Syrie : Des obus turcs sont tombés près d’une base des forces spéciales américaines à Kobané

Théâtre d’une bataille qui opposa les milices kurdes syriennes [YPG] à l’État islamique [EI ou Daesh] pendant plus de 4 mois, en 2014, la ville de Kobané n’est théoriquement pas concernée par l’offensive lancée par la Turquie dans le nord de la Syrie. D’ailleurs, les forces spéciales américaines qui ont abandonné leurs positions alors situées dans la zone des opérations turques après la décision du président Trump de laisser le champ libre à son homologue turc, Recep Tayyip Erdogan, y ont maintenu une base.

Or, dans la soirée du 11 octobre, cette dernière a néanmoins été visée par des tirs d’artillerie turcs. L’information a été donnée par Newsweek, qui a cité un haut responsable du Pentagone. « Les tirs des forces turques étaient si intense que les militaires américains ont envisagé de riposter en légitime défense », a-t-il confié.

Plus tard, un porte-parole du Pentagone, le capitaine de vaisseau Brook DeWalt, a confirmé des tirs près de la position américaine mais pas leur intensité. Ainsi, a-t-il dit, une « explosion » s’est produite « quelques centaines de mètres […] d’une zone connue par les Turcs comme abritant des forces américaines. »

« Les États-Unis s’opposent particulièrement aux opérations turques en dehors de la zone du mécanisme de sécurité et dans les zones où les Turcs savent que les forces américaines sont présentes », a continué l’officier. « Les États-Unis exigent que la Turquie évite les actions qui pourraient conduire à une action défensive immédiate », a-t-il prévenu.

Le ministère turc de la Défense a expliqué que ses troupes avaient riposté à des tirs de mortier ayant visé des postes frontaliers situés au sud de Suruç, depuis une position tenue a priori par les YPG à 1 kilomètres du poste américain. « Toutes les précautions ont été prises avant d’ouvrir le feu afin d’éviter tout dommage à la base américaine », a-t-il assuré.

Quoi qu’il en soit, le général Mark Milley, le nouveau chef d’état-major interarmées américain, a lancé un avertissement aux forces turques. « Ils [les Turcs] disposent des coordonnées détaillées, ils savent exactement où sont nos positions », a-t-il souligné lors d’une conférence de presse. Et d’ajouter : « Nous conservons le droit de légitime défense. C’est clair et sans ambiguïté ».

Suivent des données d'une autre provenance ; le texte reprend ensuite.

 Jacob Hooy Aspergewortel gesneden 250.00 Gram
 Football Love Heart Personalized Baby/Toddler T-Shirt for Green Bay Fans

Par ailleurs, le chef du Pentagone, Mark Esper, a affirmé les États-Unis sont « très déçus » par l’opération turquie, à laquelle ils sont également « opposés », car elle met « nos partenaires des FDS [Forces démocratiques syriennes, dont les YPG font partie] dans une situation difficile ». Et d’insister : « Nous n’abandonnons pas » notre partenariat avec les FDS, malgré « l’action impulsive » de la Turquie.

Reste que si le président Trump n’avait pas ordonné le retrait des forces spéciales américaines des localités de Tal Abyad et de Ras al-Aïn, l’opération turque, appelée « Source de paix », n’aurait probablement pas été lancée…

Cela étant, au Conseil de sécurité des Nations unies, cinq pays européens [France, Allemagne, Royaume-Uni, Pologne et Belgique], ont échoué, le 10 octobre, à faire adopter une déclaration appelant la Turquie à cesser son offensive. Et cela parce que les États-Unis, et la Chine [la Russie est restée « muette »] ont refusé de condamner l’opération lancée par M. Erdogan.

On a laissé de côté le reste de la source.